**Work task**:
Below is a listing; print exactly its lines from the one containing "Amigos de Justin" down to the one containing "-海马体照相馆(西安高新万达广场店)", both inclusive, with every picture left out.
____ Exercise data
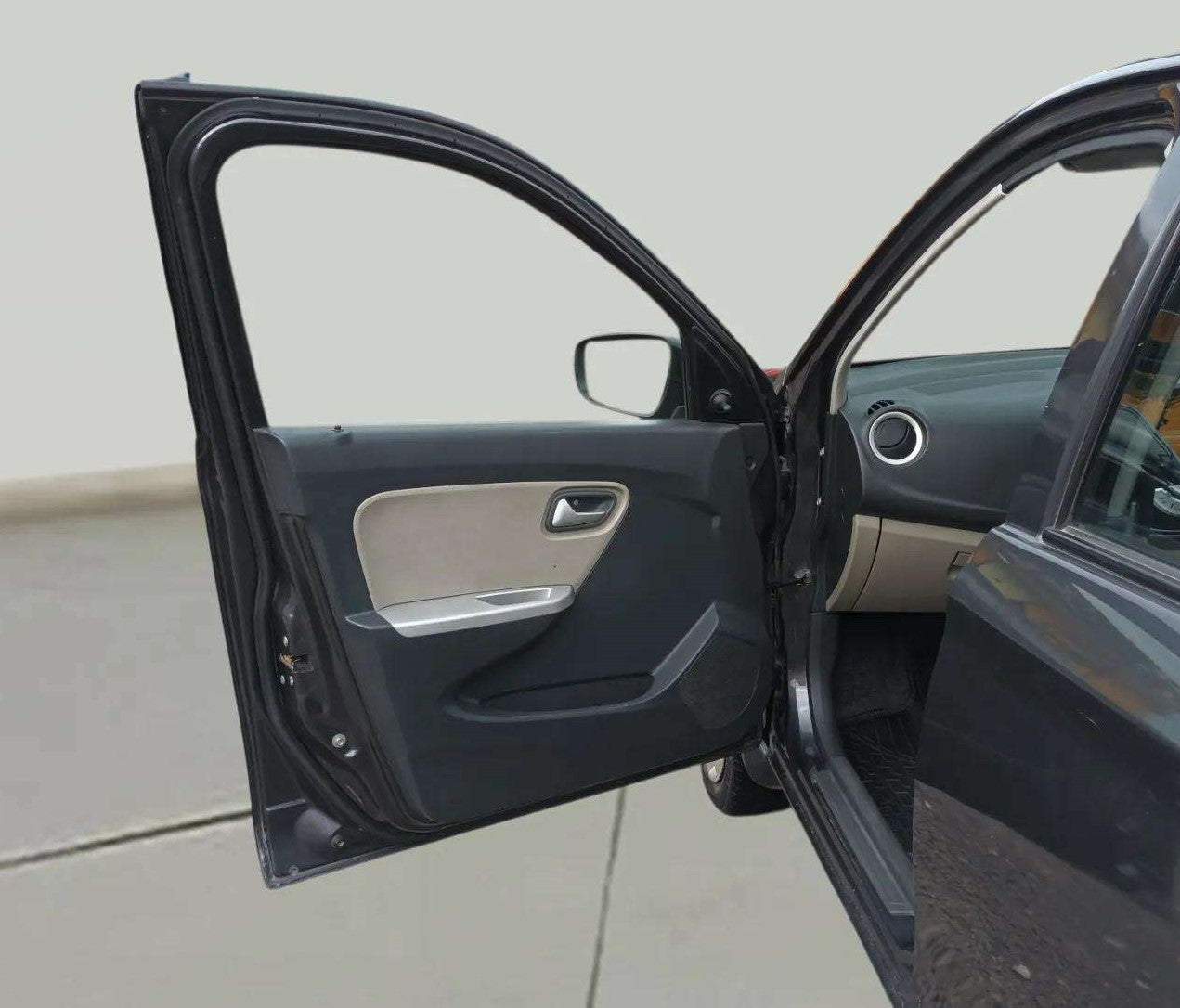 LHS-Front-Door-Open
________
____ Exercise data
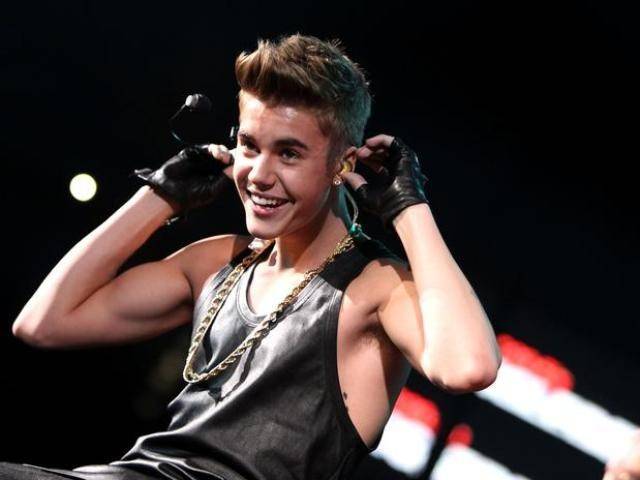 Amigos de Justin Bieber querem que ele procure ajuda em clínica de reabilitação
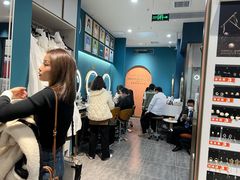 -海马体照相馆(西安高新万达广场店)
________
**Written answer**:
 Amigos de Justin Bieber querem que ele procure ajuda em clínica de reabilitação
 -海马体照相馆(西安高新万达广场店)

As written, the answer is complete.